The reply is to contain the full listing, repeated exactly, with pictures left out.

● Stored data:
'''

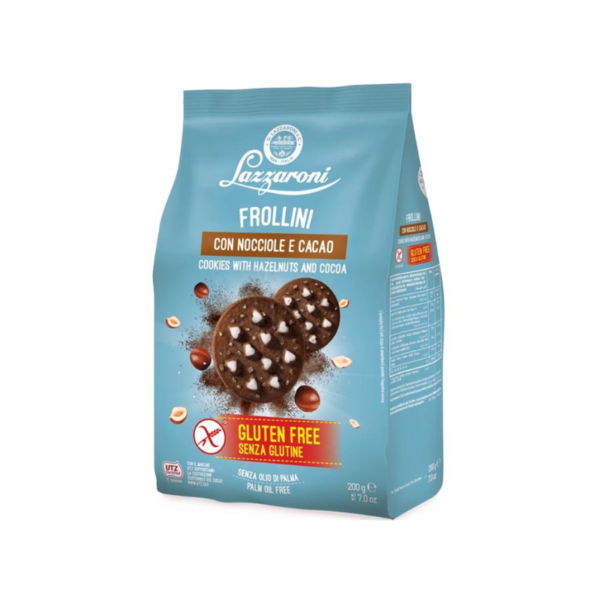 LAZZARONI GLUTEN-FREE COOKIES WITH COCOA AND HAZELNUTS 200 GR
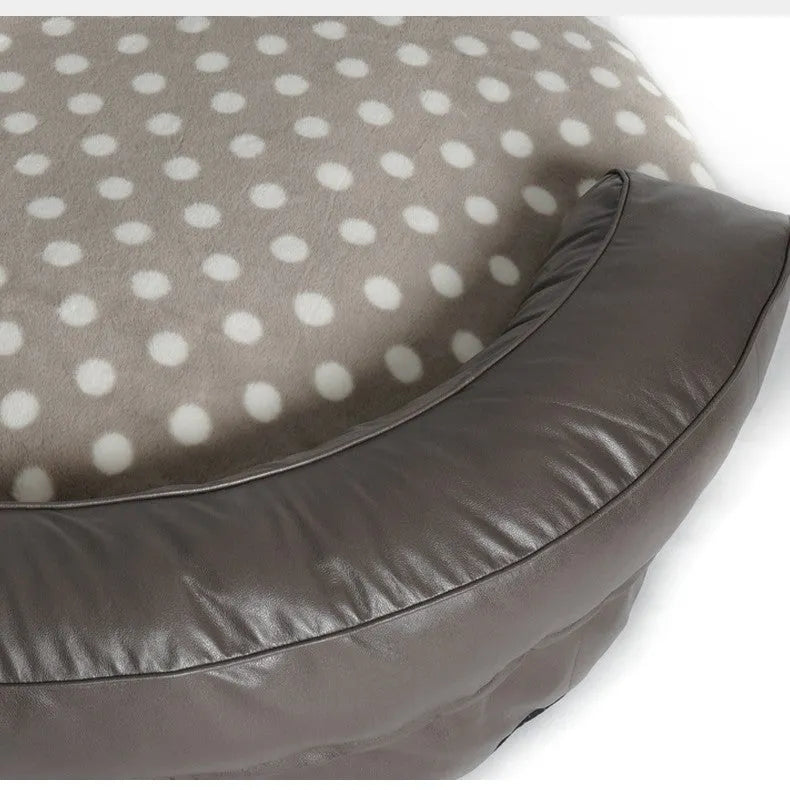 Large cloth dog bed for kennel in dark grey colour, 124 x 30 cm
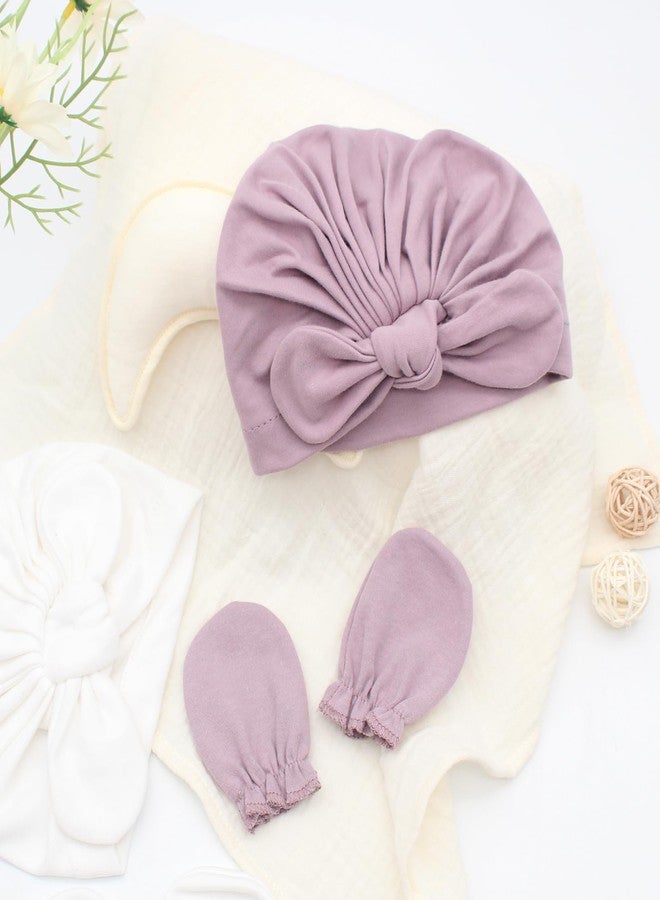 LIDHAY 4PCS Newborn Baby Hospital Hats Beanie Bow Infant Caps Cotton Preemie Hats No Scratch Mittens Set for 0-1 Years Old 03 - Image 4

'''

● Task solution:
 LAZZARONI GLUTEN-FREE COOKIES WITH COCOA AND HAZELNUTS 200 GR
 Large cloth dog bed for kennel in dark grey colour, 124 x 30 cm
 LIDHAY 4PCS Newborn Baby Hospital Hats Beanie Bow Infant Caps Cotton Preemie Hats No Scratch Mittens Set for 0-1 Years Old 03 - Image 4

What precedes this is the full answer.